Mão amiga – uma expressão lamentavelmente caída em desuso – mostrou-me há umas semanas a revista de bordo da companhia aérea turca. Esta edição apenas existe em turco e, pelo que pude perceber, só está disponível em voos regionais. Junto a este post algumas fotos que fiz a essa publicação, pedindo desculpa pela fraca qualidade das imagens.
Em 1984, Orwell escreveu que quem controla o passado, controla o futuro. Cientes disto e da consequente necessidade de consolidar uma versão oficial da História, a Turkish Airlines diz ao que vem logo na capa e na contracapa. Imagens épicas e com imenso potencial iconográfico dos “protestos pró-democracia”, isto é, das manifestações de apoio ao presidente no momento em que decorria um estranho golpe de Estado, marcam o tom da revista (ver imagem abaixo).

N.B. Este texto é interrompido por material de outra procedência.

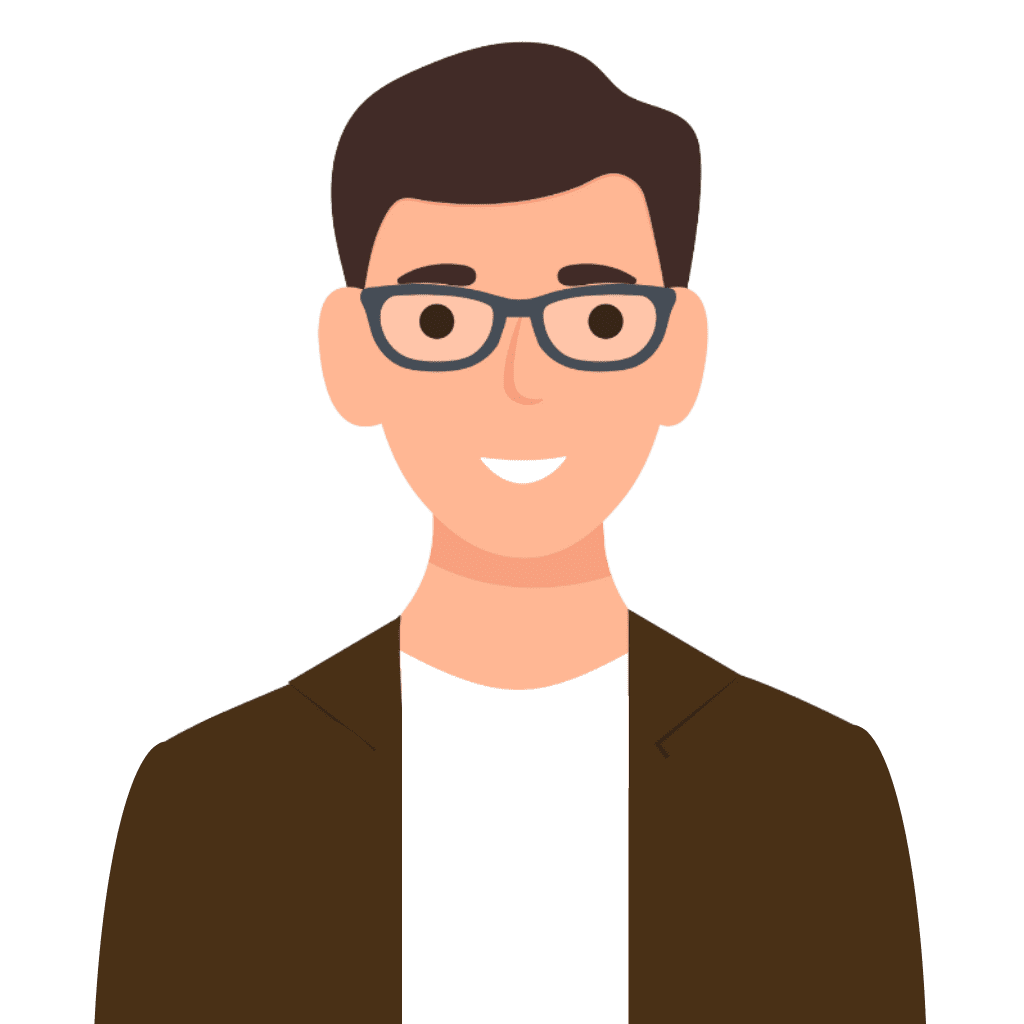 A man wearing glasses with brown hair, a white top, and a brown jacket.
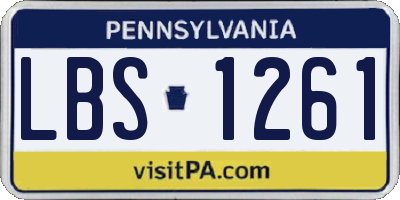 PA license plate LBS1261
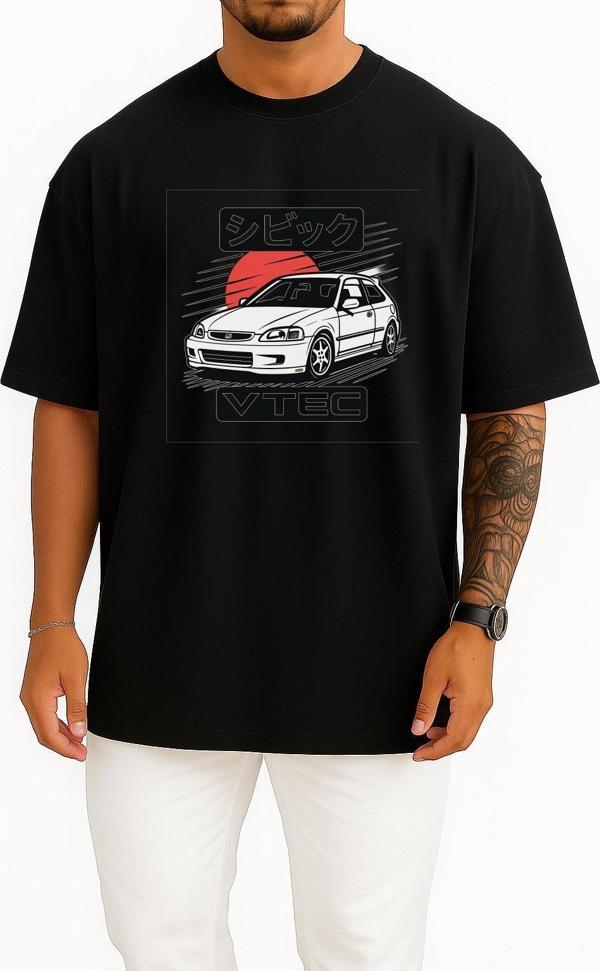 Oversize Honda Vtec Göğüs Tasarımlı Unisex T-Shirt - Image 1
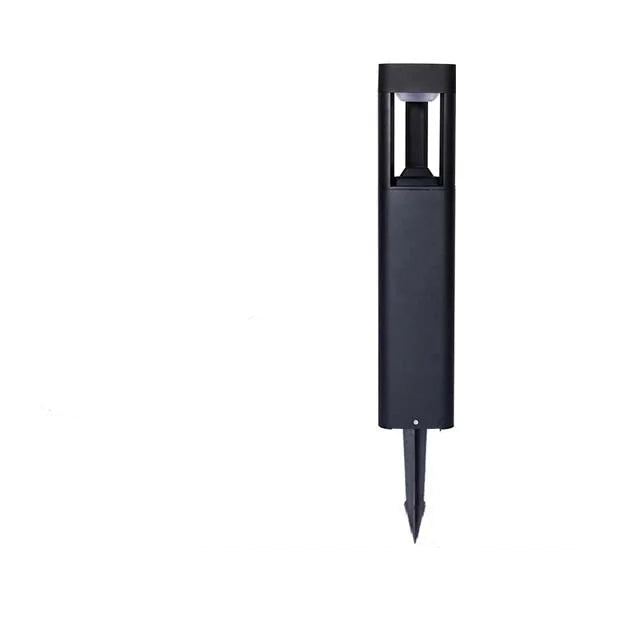 Outdoor LED Bollard Light Black Rectangular Garden Path Lamp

Um ataque à pátria requer inimigos. Se houver conspiração, tanto melhor. E se essa conspiração tiver ramificações internacionais então é um mimo para a máquina de propaganda. A revista da Turkish resume tudo isto com mestria (ver imagem seguinte). De um lado, fotos das detenções dos golpistas, encabeçadas por uma cronologia dos “factos” – a narrativa não pode ter falhas. Do outro lado, uma infografia onde se explicam as ligações norte-americanas, com o respectivo apoio financeiro e institucional, de Fethullah Gülen, o alegado instigador do golpe falhado.
Mas há mais. Fotos dos cabecilhas locais do golpe são acompanhadas por uma infografia onde constam as intuições às quais pertenciam e quantos homens de cada uma delas estiveram envolvidos na tentativa de derrube de Erdoğan. Seguem-se obviamente imagens de um presidente corajoso, determinado e sereno a dar uma entrevista à CNN (se for a um órgão de comunicação social estrangeiro sempre dá um ar menos amanhado). Há ainda fotografias de manifestantes pró-Erdoğan à porta de várias embaixadas turcas, nas quais o fotógrafo, socorrendo-se das técnicas de Leni Riefenstahl, faz com que 8 tipos pareçam 80 – mas destas, infelizmente, não colhi imagens.
Depois de anos submetida a jacobinismo militar, a Turquia atura agora o autoritarismo despudorado do presidente Recep Tayyip Erdoğan. E já não se disfarça. Ao ver esta revista percebe-se bem o interesse de alguns governos em manter as companhias aéreas sob controlo estatal.